FILE PHOTO: Samsung Electronics Vice Chairman, Jay Y. Lee, speaks during a news conference at a company’s office building in Seoul, South Korea, May 6, 2020. REUTERS/Kim Hong-Ji/Pool/File Photo
The move spells fresh trouble for Lee, who, if arrested, faces a return to jail just a little over two years after being released from detention in February 2018.
Lee already faces trial on a charge of bribery aimed at winning support to succeed ailing group patriarch Lee Kun-hee, and which involved former President Park Geun-hye, and spent a year in detention until the bribery case was suspended in 2018.
Prosecutors said they sought Lee’s arrest on suspicions of stock price manipulation and audit rule violations, among other offences.
In a statement, Lee’s lawyers expressed “deep regret” at the prosecution’s decision to seek his arrest, adding that he had fully cooperated with the investigation while Samsung was going through management crises.
Shares of Samsung Electronics were up 0.4%, outperforming a rise of 0.2% in the benchmark KOSPI .KS11.
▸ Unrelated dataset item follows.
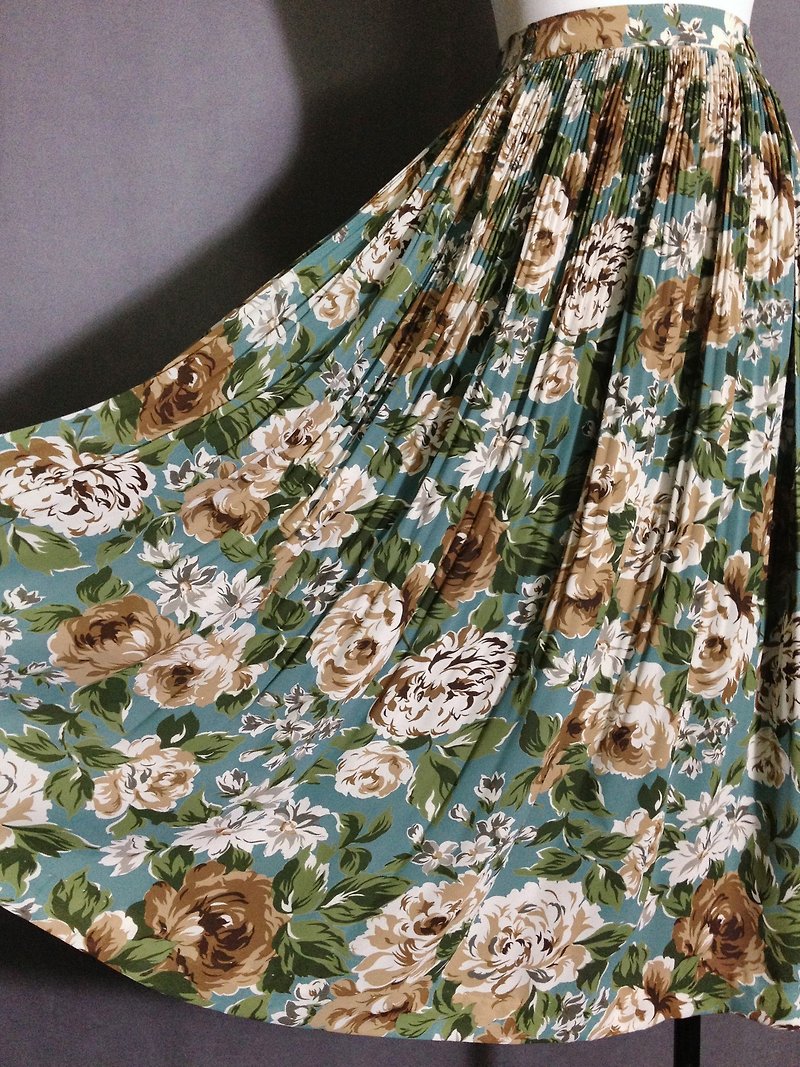 When vintage [antique dress / skirt large lake blue flowers antique dress] abroad back VINTAGE - กระโปรง - เส้นใยสังเคราะห์ หลากหลายสี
Prosecutors have been investigating suspected accounting fraud at drug company Samsung Biologics (207940.KS) after the Korean financial watchdog complained the firm’s value had been inflated by 4.5 trillion won ($3.7 billion) in 2015.
Prosecutors contend the violation helped boost the value of its major owner, Cheil Industries, which counted Lee as its top shareholder, and merged with Samsung C&T, a de facto holding firm, Yonhap news agency said.
Samsung requested an outside review of the investigation to weigh the validity of the indictment and the Seoul Central District Prosecutors’ Office is following the necessary procedures, it said in a statement.
Last month, prosecutors questioned Lee, 51, over the latest investigation. He also apologized for a series of controversies around his succession planning.
Lee’s year in detention followed separate charges that he bribed Park to win government support for the 2015 merger which helped tighten his control of South Korea’s top conglomerate.